For me, art starts on masonite boards. What’s masonite? Why don’t I use stretched canvas? I learned to paint on canvas. Throughout my experiences as an artist, nothing had greater possibility than a freshly gesso’d canvas… until three years ago.
If you’ve reviewed my work (and you should) you may notice that I have a very heavy hand with my brush. A peer of mine suggested that masonite might be better up to the challenge of supporting my technique. Masonite, also called hardboard or fiberboard, was invented in 1924 in Mississippi by William Mason, who decided that blasting wood chips into a fibrous pulp and pressing it into panels was an inexpensive way to create siding, doors and canoes.
I gave it a whirl, but it felt all wrong! The spring and give of the canvas was gone. I couldn’t grip the frame. I went back to canvas almost instantly, but with it came the familiar problems: warping and sagging that lead to tears and dings during shipping, mold and salt from the Charleston air. These problems don’t exist with masonite.
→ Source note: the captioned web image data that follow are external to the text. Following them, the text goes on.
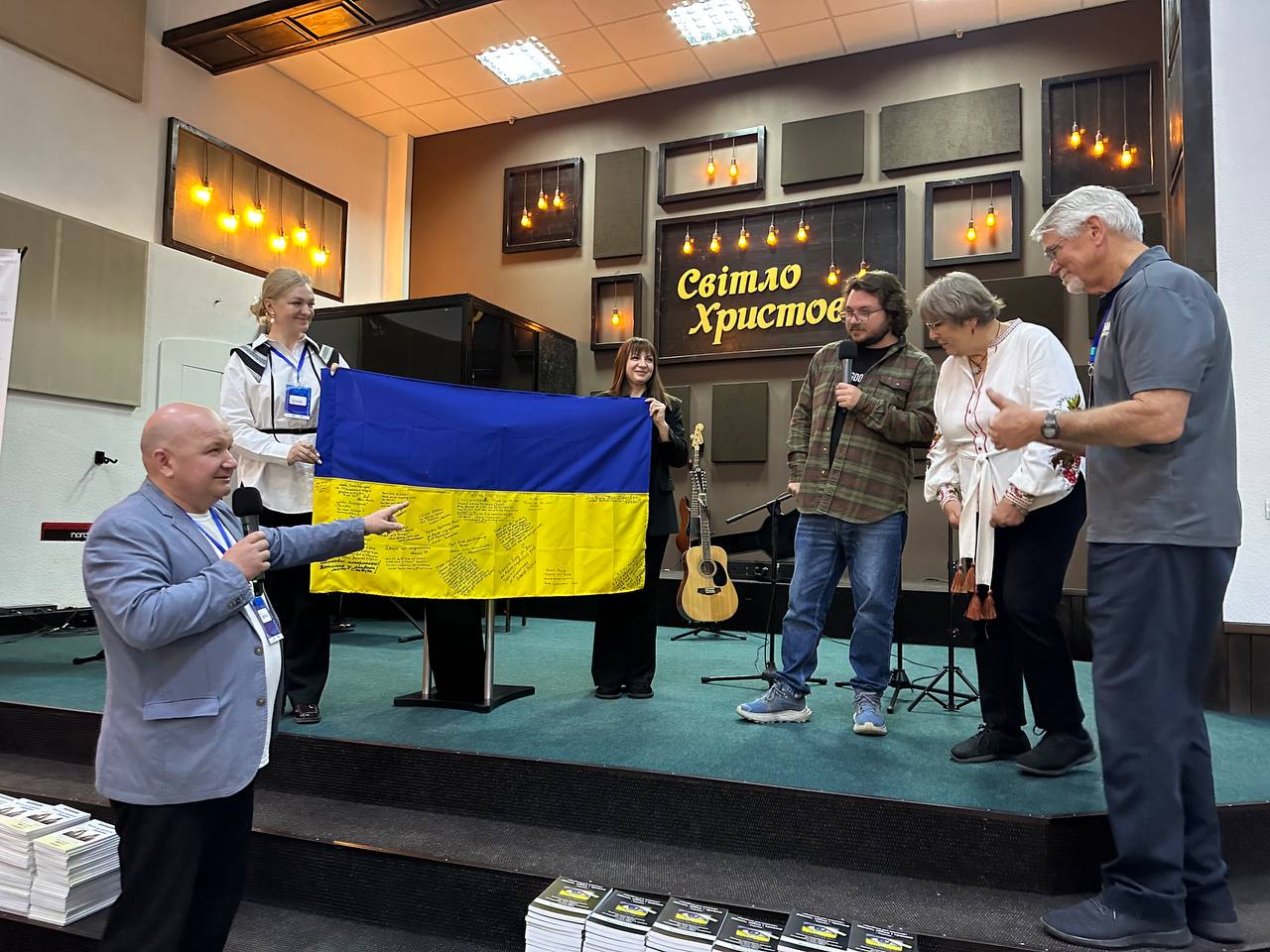 A Ukrainian flag covered with messages is held at a ministry gathering as Chris and Rahnella stand nearby.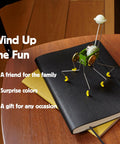 Wind Up Office Desk Pet Toy For Home And Work Cute Dancing Companion That Walks Across The Table on a notebook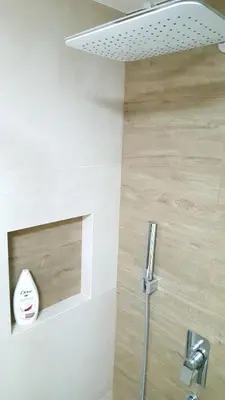 a bathroom with a shower with a wooden wall at Arena Relax Apartman in Belgrade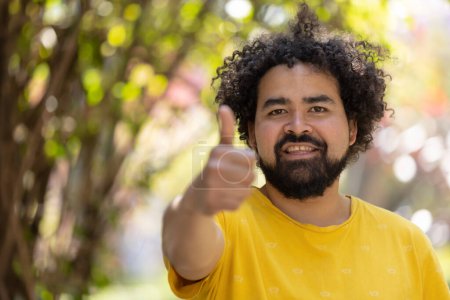 Téléchargez les photos : Portrait of a Mexican man smiling with afro and beard thumbs up - en image libre de droit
And as much as I hated to admit it, it was easier for me (and my clients) to find inexpensive frames to fit more standardized sizes than my custom canvases. It only seemed fair to you guys to create a more durable product that was also easier on the wallet.
It’s been a bit of a transition, but I think I’ve made a smooth move to a smoother canvas. Fellow artists, art buyers, what painting surface do you prefer?